**TASK INSTRUCTIONS**
Will you write out, word for word, every line from the one with "Silla de visita Ken en piel sintética marrón" to the final line of the data below, with the pictures left out?

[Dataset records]
* * * * *
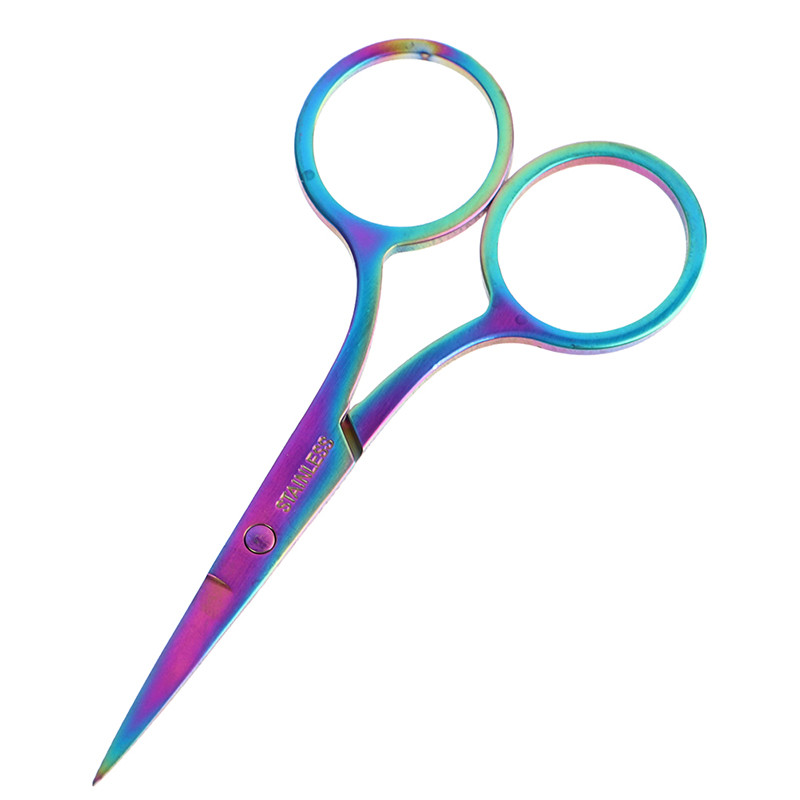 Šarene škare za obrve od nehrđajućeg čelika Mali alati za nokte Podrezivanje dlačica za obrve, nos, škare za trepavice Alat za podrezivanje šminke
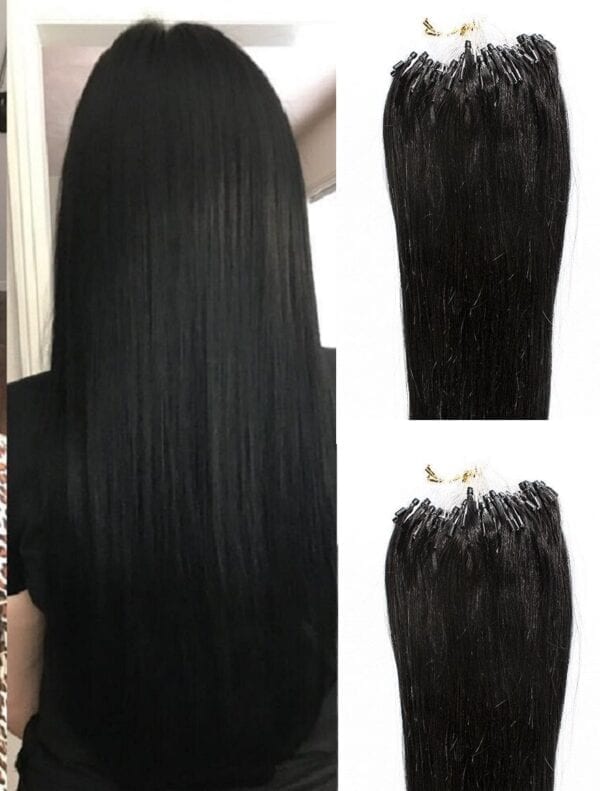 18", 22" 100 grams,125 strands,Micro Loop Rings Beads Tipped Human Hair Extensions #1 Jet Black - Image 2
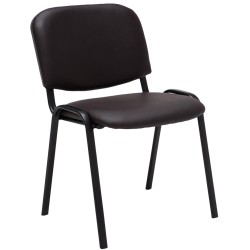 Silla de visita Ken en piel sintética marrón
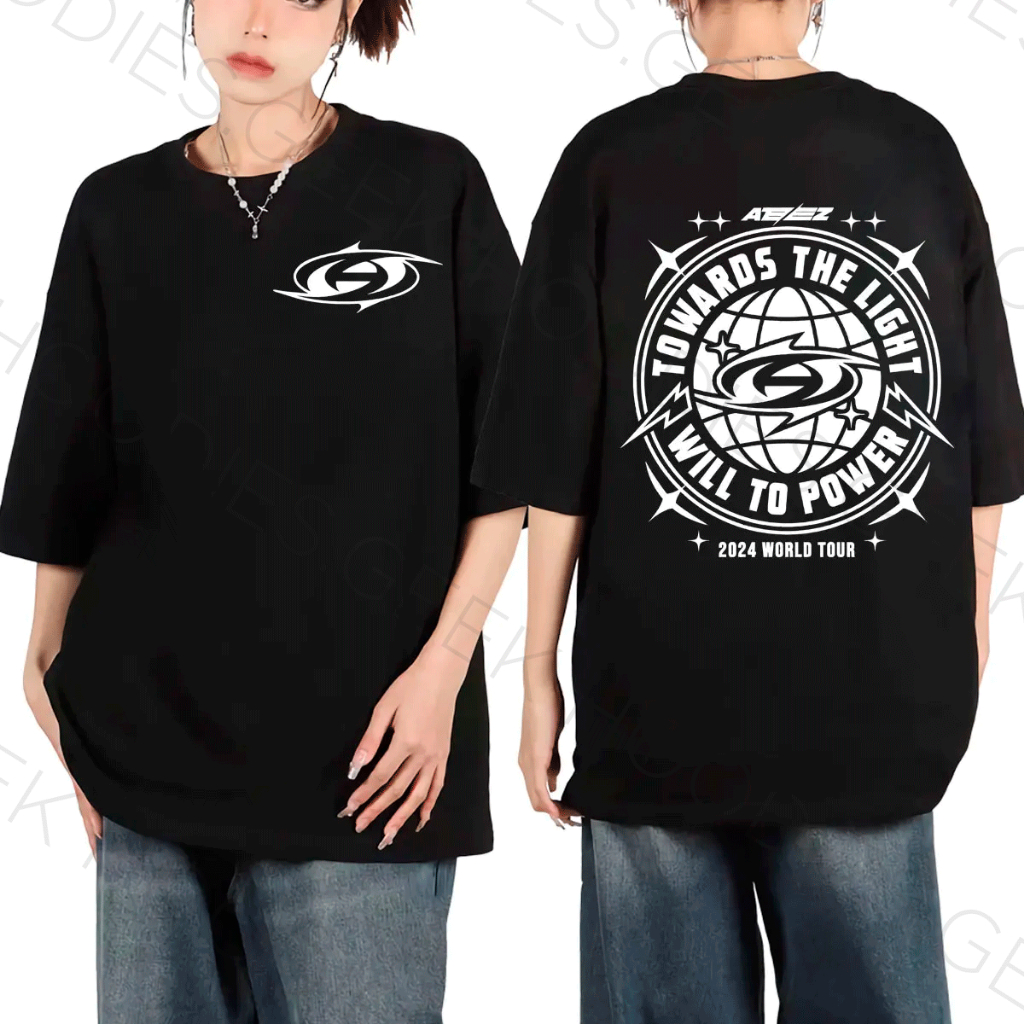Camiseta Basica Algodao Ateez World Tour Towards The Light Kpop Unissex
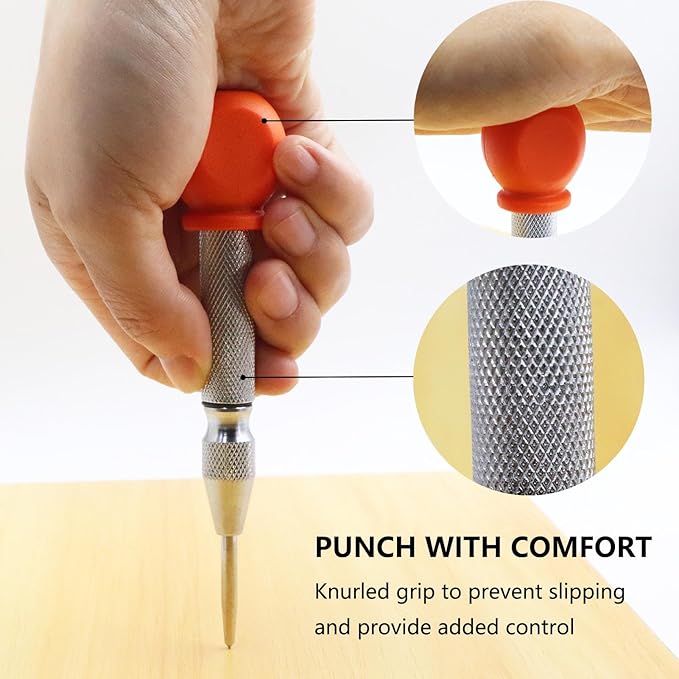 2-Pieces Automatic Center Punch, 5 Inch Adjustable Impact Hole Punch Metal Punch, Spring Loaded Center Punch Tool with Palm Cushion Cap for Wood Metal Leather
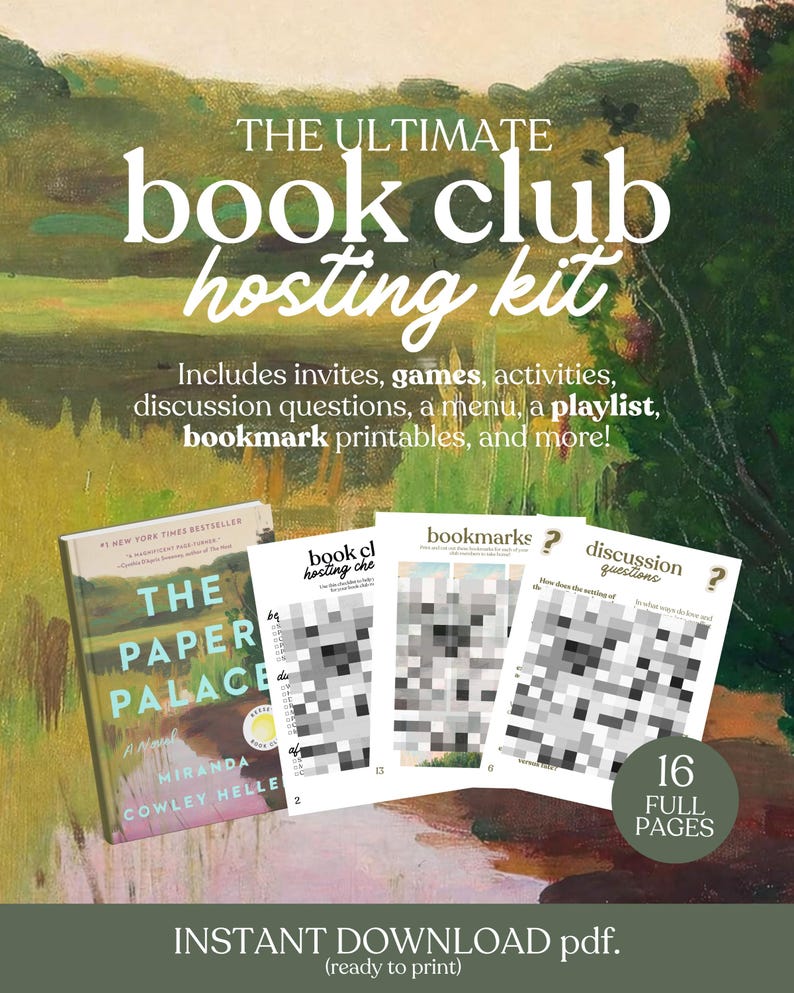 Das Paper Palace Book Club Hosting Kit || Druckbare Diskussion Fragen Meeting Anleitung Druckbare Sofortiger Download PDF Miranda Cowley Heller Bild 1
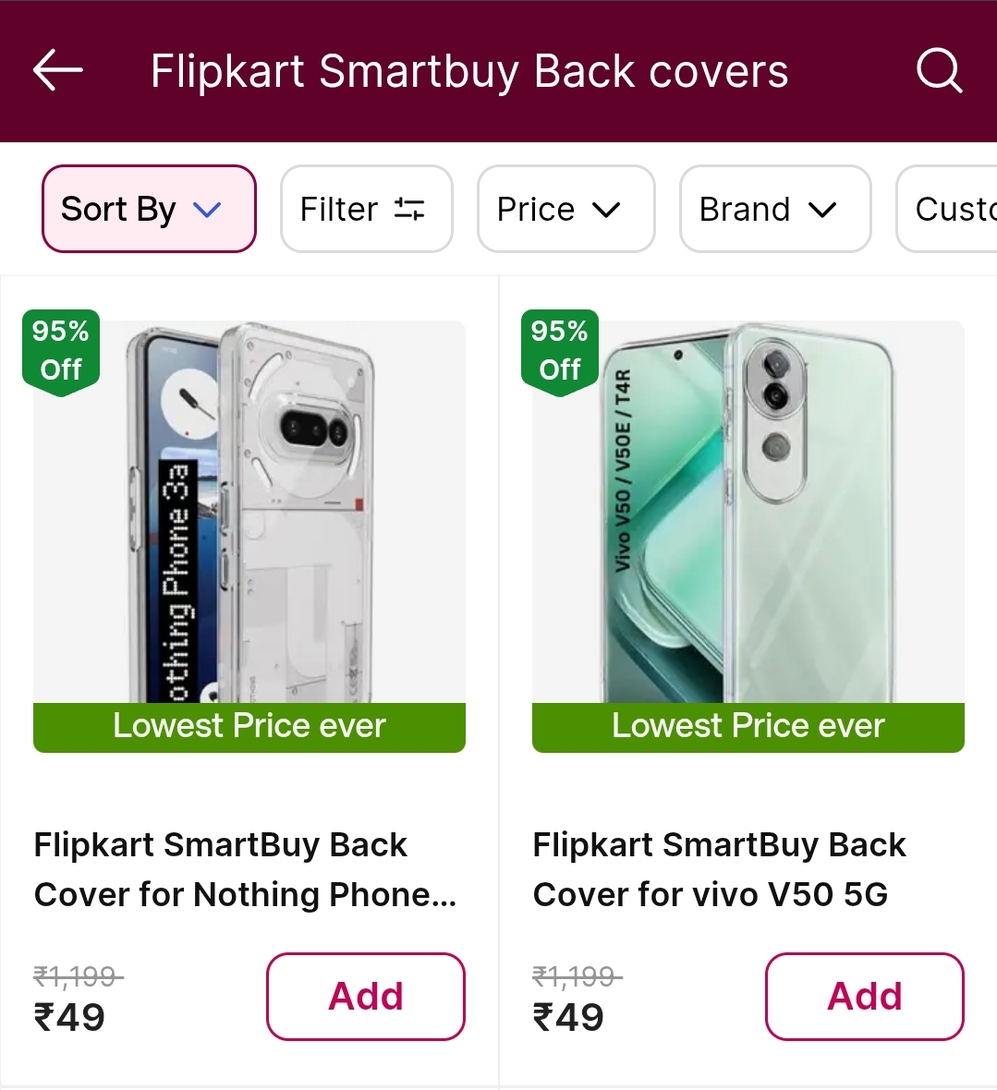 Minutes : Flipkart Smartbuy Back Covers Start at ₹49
* * * * *
**TASK RESPONSE**
 Silla de visita Ken en piel sintética marrón
Camiseta Basica Algodao Ateez World Tour Towards The Light Kpop Unissex
 2-Pieces Automatic Center Punch, 5 Inch Adjustable Impact Hole Punch Metal Punch, Spring Loaded Center Punch Tool with Palm Cushion Cap for Wood Metal Leather
 Das Paper Palace Book Club Hosting Kit || Druckbare Diskussion Fragen Meeting Anleitung Druckbare Sofortiger Download PDF Miranda Cowley Heller Bild 1
 Minutes : Flipkart Smartbuy Back Covers Start at ₹49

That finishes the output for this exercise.